Condoleezza no parquíssimo que ainda é o seu anúncio no que será o seu desempenho na pasta, não deixa nenhuma dúvida quanto ao grand design do presidente nas linhas e na frase que exatamente ajudou a pôr na boca de Bush. Será sua a tarefa de levar a democracia a todo o globo, consoante o propósito missionário que já se impôs no Iraque. Ou seja, do regime segundo o exatíssimo padrão americano, eliminada toda diferença ou expressão local do conceito de autonomia política.

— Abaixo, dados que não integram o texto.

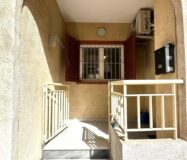 Апартаменти 49 кв.м в Торрев’єсі біля моря з басейном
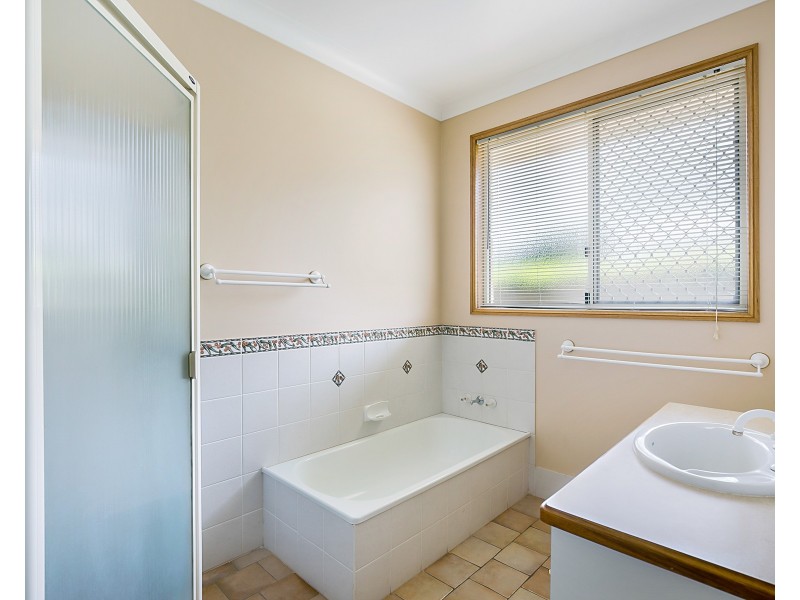 8 St Andrews Court, Middle Ridge QLD 4350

Nos seus tempos já de professora em Stanford, e nas cercanias do Hoover Institute, foco dos mais reputados de definição dos Estados Unidos grande potência, e seus direitos a definir a pax americana, Condoleezza se identifica a este ardor da modelização política, tanto quanto da normalização do mundo. Distancia-se cada vez mais dos democratas, à frente o senador Leahy, de uma mudança do Patriot Act, ou do regime de contínua subordinação da sociedade civil aos padrões de alerta e de uma nova agressão terrorista. Sobretudo, não se aguarde qualquer imperativo de retorno às Nações Unidas tanto se agravam agora as dúvidas sobre as eleições do Iraque em janeiro próximo, como capaz de escapar ao simulacro de uma verdadeira manifestação de liberdade.


Os reparos expressos por Kofi Annan à próxima operação eleitoral no país de Saddam Hussein encontram a parede americana, ao mesmo tempo, que demonstram a fraqueza crescente das Nações Unidas em de fato se manterem como o lugar do debate e das negociações de uma nova paz mundial.

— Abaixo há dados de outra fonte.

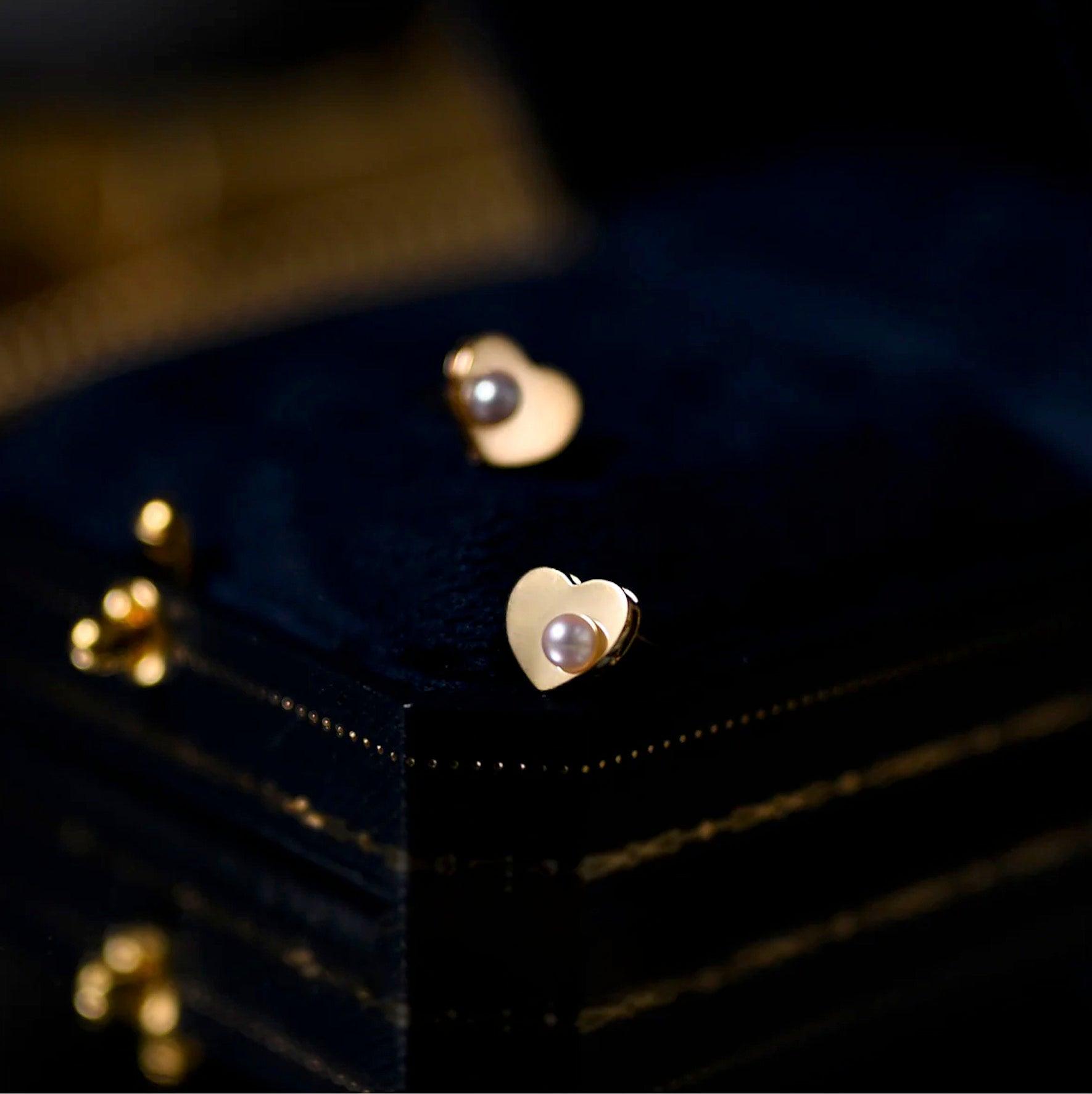 Amelie Heart Studs - Elegante Oorbellen met Parel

Doutra parte, e a mostrar a esplêndida tradição das liberdades nos Estados Unidos, aí está o juiz Robinson, do 2 Distrito de Washington, a considerar inconstitucional os procedimentos de Guantanamo e o trato dado a meio milhar de afegãos e outros "insurgentes combatentes", uma categoria internacionalmente inexistente, e em inadmissível confronto com o trato de prisioneiros de guerra definido pela Convenção de Genebra. O primeiro lance possível, de confronto com a eleição-plebiscito, nascerá do acompanhamento que, junto à Corte Suprema venha a ter o desfecho do caso, podendo até implicar num impeachment, ao mesmo tempo que o segundo juramento de Bush se faz com a força inequívoca do seu assentimento nacional.


Anteriormente já, o segundo mandato de Reagan como precedente próximo ao bis de Bush, situou-se como de uma surpreendente abertura ao status internacional de superpotência remanescente, nem por isso descuidada do reforço das Nações Unidas ou das ententes como Ocidente reconhecido em blocos distintos e em relação com Moscou após a queda do Muro, sem mais tratar o ex-antagonista como o "Grande Satã".


Deparamos os testes imediatos de largueza, ou não, de vista, assegurada às novas conversações Israel-Palestina, aos conflitos da Europa dos 25 frente à antiga aliança dos 15, à discussão do ingresso da Turquia neste bloco, abrindo a variação já de culturas e a voz de um Islão, no segundo bloco do equilíbrio mundial. Estão, sim, todos esses casos diante de tensões que se rasgam antes do novo mandato. E o Bush do próximo 20 de janeiro sabe que não pode elidi-las na cobrança de horizontes de um presidente que começou com a menor das maiorias - a infinitesimal do primeiro mandato - e que deixa o mundo, hoje, diante da nitidez aplastante da segunda vitória. O mundo que se identificou aos eleitores de Kerry aposta in extremis numa hegemonia compadecida, no estilo e na surpresa do outro republicano, amadurecido no Salão Oval.